CDC estimates that that there are only 4 transmissions per year for every 100 people living with HIV in the United States, which means that the clear majority (at least 95%) of people living with HIV do not transmit the virus to anyone else. This represents an 89% decline in the transmission rate since the mid-1980s, reflecting the combined impact of testing, prevention counselling, and treatment efforts targeted to those living with HIV infection (UNAIDS, 2013).
The estimated incidence of HIV has remained stable overall in recent years, at about 50,000 new HIV infections per year (CDC, 2014b). While this is still too high a level, stabilization is a sign of progress. With continued increases in the number of people living with HIV thanks to effective HIV medications, there are more opportunities for HIV transmission than ever before. Yet, the annual number of new infections has not increased (UNAIDS, 2013).
Worldwide, there were about 2.1 million new cases of HIV in 2013, and about 35 million people are living with HIV around the world. Of those, 3.2 million are children, 2.1 million are adolescents, and 4.2 million are people over age 50. In 2013 new HIV infections worldwide were 2.1 million, but new infections have fallen 38% since 2001 and new infections among children have fallen by 58% in the same period (CDC, 2014a; UNAIDS, 2014).
Through 2011 the cumulative estimated number of deaths of people with diagnosed HIV infection ever classified as stage 3 (AIDS) in the United States was 648,459 (deaths may be due to any cause, which can make data interpretation complex). Nearly 39 million people with AIDS have died worldwide since the epidemic began (CDC, 2014a).
Globally, AIDS-related deaths, which peaked in 2005 at 2.4 million, have declined steadily ever since, and were estimated at 1.5 million in 2013 (UNAIDS, 2014). Even though Sub-Saharan Africa bears the biggest burden of HIV/AIDS, countries in South and Southeast Asia, Eastern Europe and Central Asia, and those in Latin America are significantly affected by HIV and AIDS (CDC, 2014a; UNAIDS, 2014).

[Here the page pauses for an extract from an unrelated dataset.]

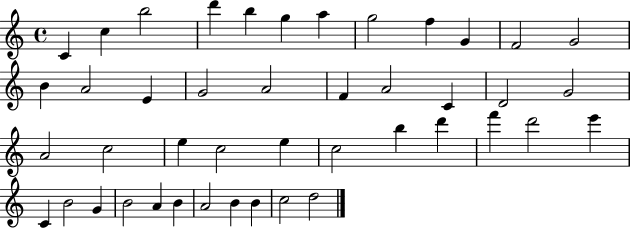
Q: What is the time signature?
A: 4/4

The discovery of combination antiviral drug therapies in 1996 resulted in a dramatic decrease in the number of deaths due to AIDS among people given the drug therapies. Many people who have access to the therapies may not benefit from them or may not be able to tolerate the side effects. The medications are expensive and require strict dosing schedules. In developing countries many people with HIV have no access to the newer drug therapies.

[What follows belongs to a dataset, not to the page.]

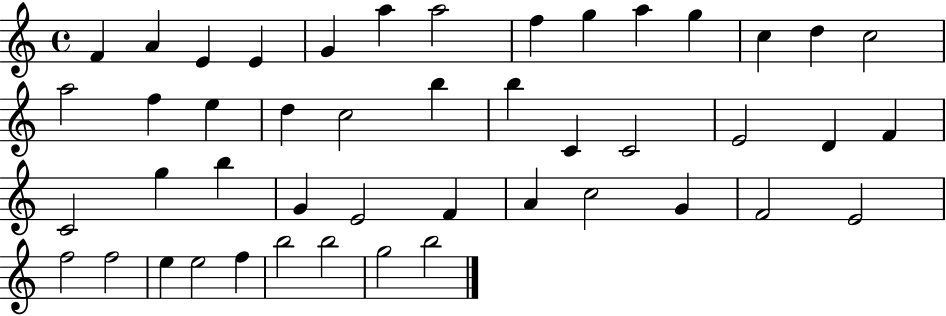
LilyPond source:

During the period 2008–2013, men accounted for 85% of the new cases and women for 15%. Fifty-seven percent were white, 17% black, 16% Hispanic, and 5% Asian. The remaining 5% included native Hawaiians, American Indians, and those of multiple race. Children under 13 accounted for 2% of the new cases, while those age 13 to 24 were another 14%. Most of the cases (57%) were among adults 35 to 54, and the remaining 28% were age 54 and older (WDOH, 2014).